In 2009, he waged a high-stakes gamble on yet another “Carmen,” the world’s most performed opera, with a version directed by John Eliot Gardiner and starring Anna Caterina Antonacci. It sold out, and was a critical success.

“I could have done a less important Carmen but if I had done less, I would have been alone with my Carmen,” he said.

William Christie, the American-born French conductor and specialist in Baroque music, has had a long association with the Opéra Comique. In 1987, he conducted a legendary performance of “Atys,” by Lully. He has been back several times recently, with his Arts Florissants choir, performing “Dido and Aeneas” by Purcell and “Platée” by Rameau.

“We feel very much at home there,” Mr. Christie said by telephone. “I still get emotional when I rehearse or give concerts there, just thinking of who has been there before me.” Mr. Christie credits Mr. Deschamps for the theater’s recent success. “He simply brought back the class, the elegance and the intelligence that this theater has been known for,” he said.

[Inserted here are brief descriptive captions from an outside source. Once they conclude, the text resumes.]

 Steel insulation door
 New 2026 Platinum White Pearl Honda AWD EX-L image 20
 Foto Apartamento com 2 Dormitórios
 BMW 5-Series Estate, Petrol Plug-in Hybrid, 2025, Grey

The tricentennial season, which begins in November, will feature works that scan the Opéra Comique’s 300 years, including “Les Fêtes Vénitiennes,” a 1710 French ballet opera that will be conducted by Mr. Christie and directed by Robert Carson; “Die Fledermaus,” the 1874 operetta by Johann Strauss that will be sung in French and directed by Marc Minkowski; and a new creation, based on the 1953 Japanese film “Tales of a Pale and Silvery Moon After the Rain,” that will be co-produced with the Opéra de Rouen Haute Normandie.

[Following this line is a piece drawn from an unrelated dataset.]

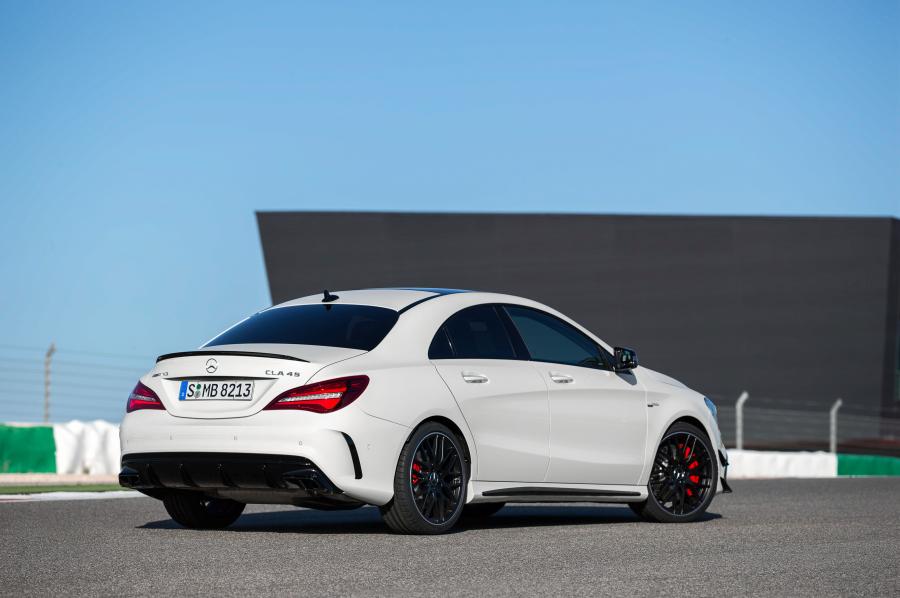  Mercedes-AMG CLA45 4Matic 2016 года  (фото 31 из 40)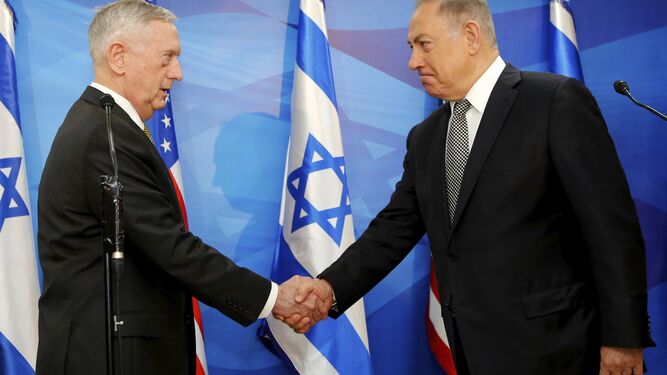 El secretario de Defensa de EEUU, James Mattis, y el primer ministro de Israel, Benjamin Netanyahu, se saludan ayer en Jerusalén.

The Opéra Comique traces its origins to the 18th-century fairs of Paris, where two troupes banded together for performances that had to skirt rules protecting existing establishments. Opera and dance were then the exclusive domain of the Opéra (then the Royal Academy of Music), while the illustrious Comédie-Française, the home of Molière, Racine and Corneille, had a monopoly on the spoken word.

“It was created in opposition to existing genres,” Mr. Deschamps said. “We were in a battle of institutions, where the competition was very strong and very intense, one in which the public was a participant.”

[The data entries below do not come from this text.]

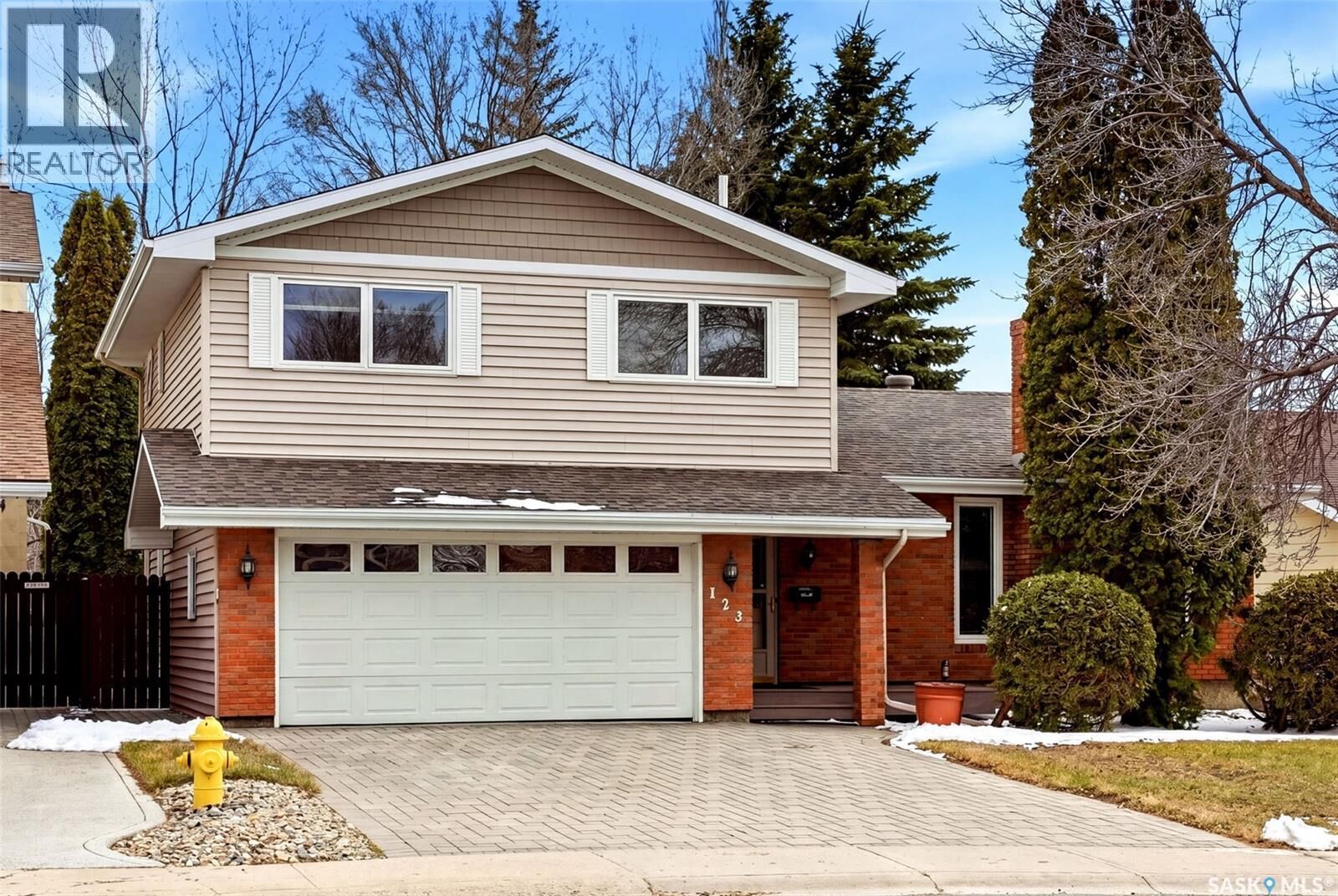 Property Photo:  123 Groome Avenue  SK S4S 6S3 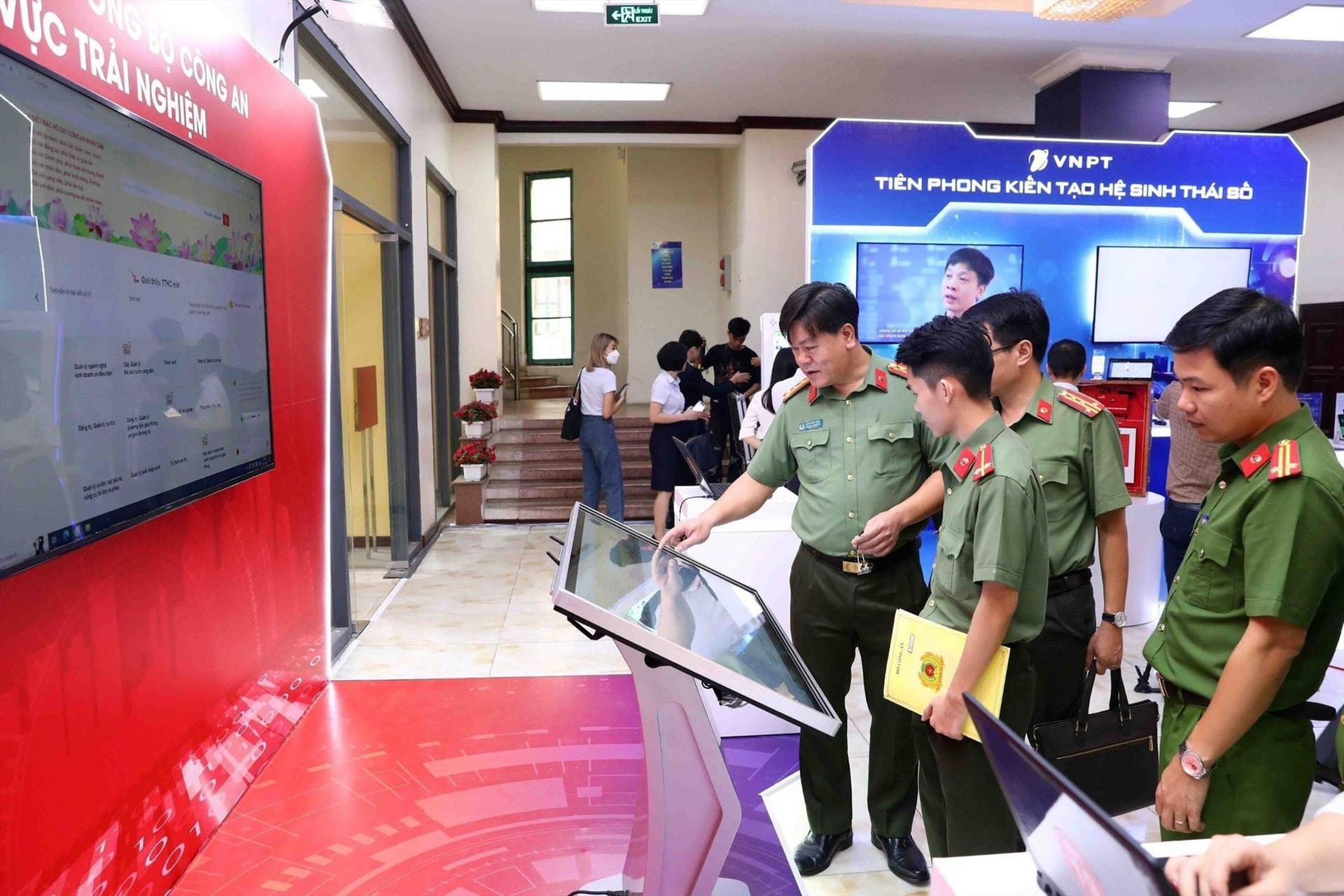 Chuyển đổi số trong Công an nhân dân góp phần tạo nên văn minh xã hội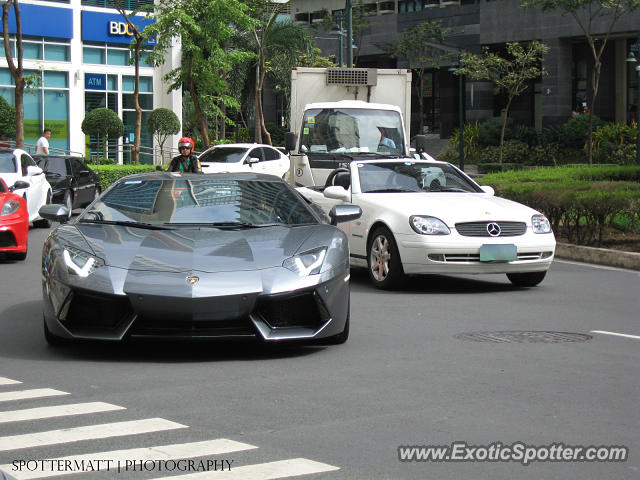 Lamborghini Aventador spotted in Taguig, Philippines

In time, a new genre emerged, namely opéra-comique, a French innovation that combined singing and spoken text. Other ruses, including pantomime and audience sing-alongs, were used to avoid sanctions and by the mid-18th century, the Opéra Comique, now merged with its rival, the Comédie Italienne, had acquired the status of a royal theater.

It moved to its current location, called the Salle Favart, which was inaugurated by Queen Marie Antoinette in 1783.

By 1807, the Opéra Comique had a monopoly on dance and opera, but by the mid-19th century it lost its dominant position and the theater moved into high gear, with a mix of genres.

“That was the hour of glory of the Opéra Comique, because the shows talked of society, of brigands, of people who are dangerous but attractive,” Mr. Deschamps said. “It was popular in the best sense of the word.”

This identity is what Mr. Deschamps has sought to revive, staking out a cultural space that, once again, aims to complement the Opéra de Paris and the Comédie-Française. And once again, according to Mr. Deschamps, the Opéra Comique’s ambitions have met with passive resistance, this time from the Opéra de Paris.

“They ignored us,” he said. “They’re much more powerful and they played with their advantages, instead of looking to complement each other. It’s a pity.”

Stéphane Lissner, who took over as director of the Opéra de Paris in August, declined to comment on Mr. Deschamps’s remarks, which referred to a dispute in 2009 over an exclusivity clause demanded by the Opéra de Paris in its contracts with top singers.

So as it enters its fourth century, the Opéra Comique, true to its tradition, is determined to stay in high spirits.

“I think what I have achieved is a good mood,” Mr. Deschamps said. “To direct a house is to establish a mood, and that gets transmitted to the audience, I am convinced of it.”